問號先生的意思已經很明顯了,那只烏鴉存在弱點,而且與地牢的本質有關。
我想試一試!
如果問號先生能做到,我或許也能做到————正如他說的一樣,角落的篩選還在繼續,今后我與問號,以及其他通過地牢的老師,同學都將是競爭關係。
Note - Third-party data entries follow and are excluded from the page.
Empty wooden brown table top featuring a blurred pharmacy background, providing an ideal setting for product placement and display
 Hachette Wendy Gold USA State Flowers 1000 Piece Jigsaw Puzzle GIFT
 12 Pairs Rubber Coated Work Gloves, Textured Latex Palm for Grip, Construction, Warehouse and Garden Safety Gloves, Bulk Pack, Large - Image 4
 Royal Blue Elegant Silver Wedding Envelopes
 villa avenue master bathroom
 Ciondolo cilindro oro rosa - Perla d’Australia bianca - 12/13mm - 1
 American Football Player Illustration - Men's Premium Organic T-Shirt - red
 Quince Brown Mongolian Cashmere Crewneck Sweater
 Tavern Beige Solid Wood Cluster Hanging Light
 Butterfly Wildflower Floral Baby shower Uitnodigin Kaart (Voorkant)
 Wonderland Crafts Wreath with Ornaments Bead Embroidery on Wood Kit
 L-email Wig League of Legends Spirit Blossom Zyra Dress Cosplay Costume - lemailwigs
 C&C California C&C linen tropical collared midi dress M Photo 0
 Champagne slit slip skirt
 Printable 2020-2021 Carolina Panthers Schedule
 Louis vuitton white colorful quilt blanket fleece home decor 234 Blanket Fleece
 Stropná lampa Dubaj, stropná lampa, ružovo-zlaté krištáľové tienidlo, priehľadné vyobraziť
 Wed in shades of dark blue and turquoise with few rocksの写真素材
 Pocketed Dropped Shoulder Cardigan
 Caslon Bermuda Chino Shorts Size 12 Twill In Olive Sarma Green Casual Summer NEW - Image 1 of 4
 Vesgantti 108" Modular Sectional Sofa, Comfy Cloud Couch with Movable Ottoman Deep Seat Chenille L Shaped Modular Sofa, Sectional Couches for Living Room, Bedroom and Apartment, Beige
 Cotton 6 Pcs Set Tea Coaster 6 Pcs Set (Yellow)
如果連眼前的機會都不抓住,某種程度也相當於我選擇了退避,放棄了篩選o
再說————我本就有著與烏鴉交手的經驗。
莫頓你就不想知道,殺掉烏鴉以后能得到什么嗎?”
“我想,但我更想活著————”
“那就對了!地牢本質就是催生,篩選強者————在這里殺掉強大的囚犯,才能得到地牢的承認。
主動的退避與閃躲,或許只會讓自身更加寸步難行。
這便是問號先生給到的信息————想要活下來,就要主動直面舊日。對這處地牢的干預越多,便越有可能穿過地牢。”